Born in 1968, Redman is just a year older than me; I am “the broader culture” for which the Coltrane quartet “matters.” So Redman’s comment, and Ratliff’s gloss, got me thinking about the special resonance bands have, not just for musicians, but for listeners of my generation.

There are a couple of contemporary jazz bands (Masada and The Vandermark 5) that I love unreasonably. I think this is so because they act as surrogates for those rock bands I once loved unreasonably, their logos etched across my cortex. If you were to take one of those porcelain phrenology heads and substitute ANGER and CREATIVITY with IRON MAIDEN and PINK FLOYD, you’d have a pretty good representation of my one-time mental life. There is an element of nostalgia at work here, of course: my taste may have matured in fits and starts, but I still carry along the residue of a desire; and, since it seems harder and harder to cathect rock bands with anything like the same intensity I used to (though with a few I’ve come close), the old energy, which I imagine must be conserved, is transferred to other genres.

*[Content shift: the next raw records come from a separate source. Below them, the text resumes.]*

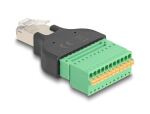 DELOCK RJ50 Stecker zu Terminalblock Adaptermit Drucktaster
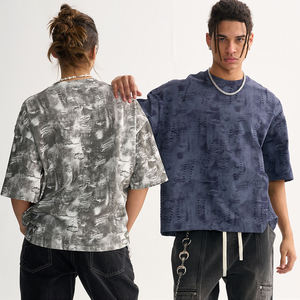 Hot Retro Inspirado Denim Look 100% Algodón Recortado Boxy Distressed Heavyweight 260 Gsm Camiseta de gran tamaño para hombres - Product Image 3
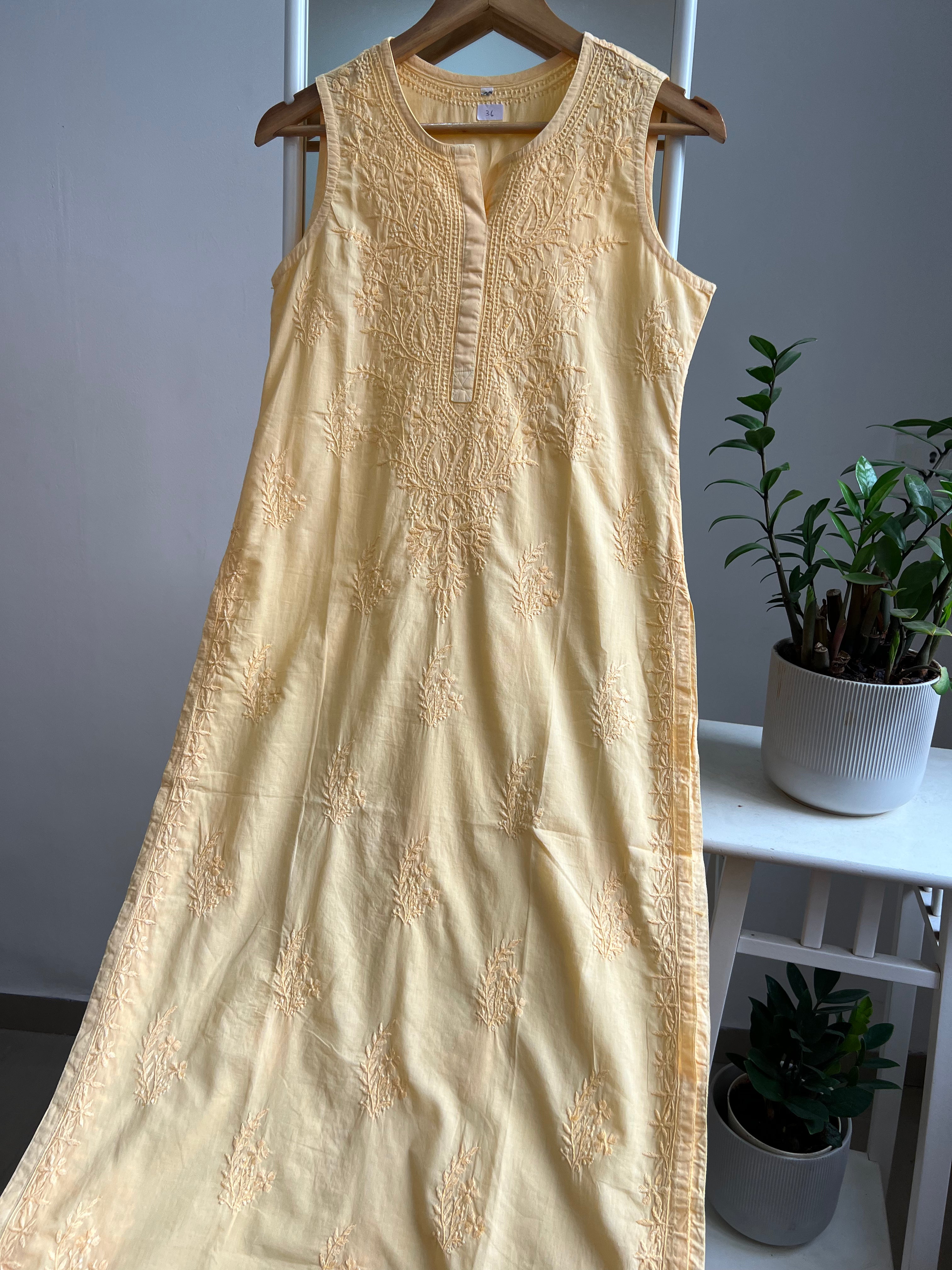 Mul Cotton Sleevless Chikankari Kurti - Yellow ARIAA CHIKANKARI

I don’t say this to disparage the music or musicianship of either Masada or the V5. Both bands beautifully embody Redman’s concept of “a group interacting, improvising together.” I’m trying to identify something in excess of the music—a supplement, an aura; an ethos that coheres as a sound. In this respect, it’s not just the gestalt idea that the sum of the playing is more than its parts. That is true of any successful ensemble. Rather, the charisma of the band radiates at once from a persona or identity created by its distinctive, collective voice, and from the contributions of each of its members, in whose individual identities the persona remains intact and present. This persona is eminently marketable, and circulates as much in images, concepts, narratives, etc. as in sounds. It is most marketable, for reasons suggested above, to listeners of my generation; and above all, to male listeners. I’m not sure why; all that shared sweat and camaraderie, I guess. Life as one long Howard Hawks war picture.

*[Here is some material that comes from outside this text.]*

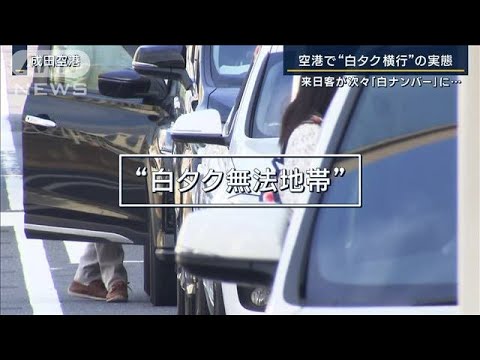 観光客次々と白ナンバーに…出国前にアプリで予約・決済　成田空港“白タク無法地帯”(2023年11月3日)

It’s not just jazz bands. I came to string quartets on my own, in my twenties, my parents’ taste being focused around piano, orchestra, and combinations thereof. Can I discount the impact of my generation’s popular music on my gravitating toward the chamber ensemble? Do I really need the Kronos Quartet to play Metallica and Meshuggah for me to figure this out? Why else would I be able to name every member of the Emerson Quartet? Do you think they’d hire me to do their logo?

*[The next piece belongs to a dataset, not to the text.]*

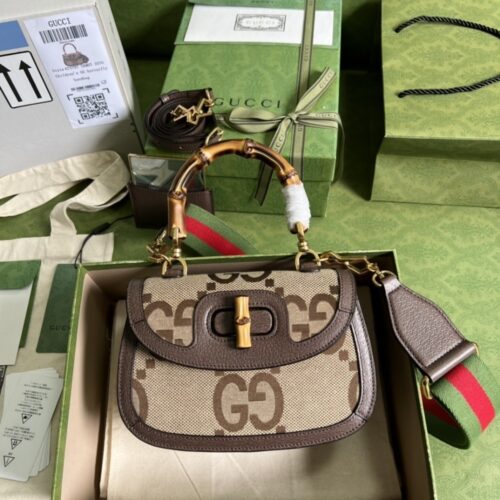 Alternative view of Gucci Bamboo 1947 Small Jumbo GG Canvas Top Handle Bag Beige And Brown 18Cm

As the cult of the soloist gives way to the dynamic of the group—at least at this point on the helix of cultural history—I can’t help but wonder if the big band, with its greater focus on composition and arrangement, and its often tightly-controlled and thoughtfully-ornamented circumstances for improvisation (I am thinking of Maria Schneider’s comments here, in another chapter of The Jazz Ear), is also experiencing a resurgence.

And then can the orchestra, that nineteenth-century musical equivalent of the jumbo jet, be far behind?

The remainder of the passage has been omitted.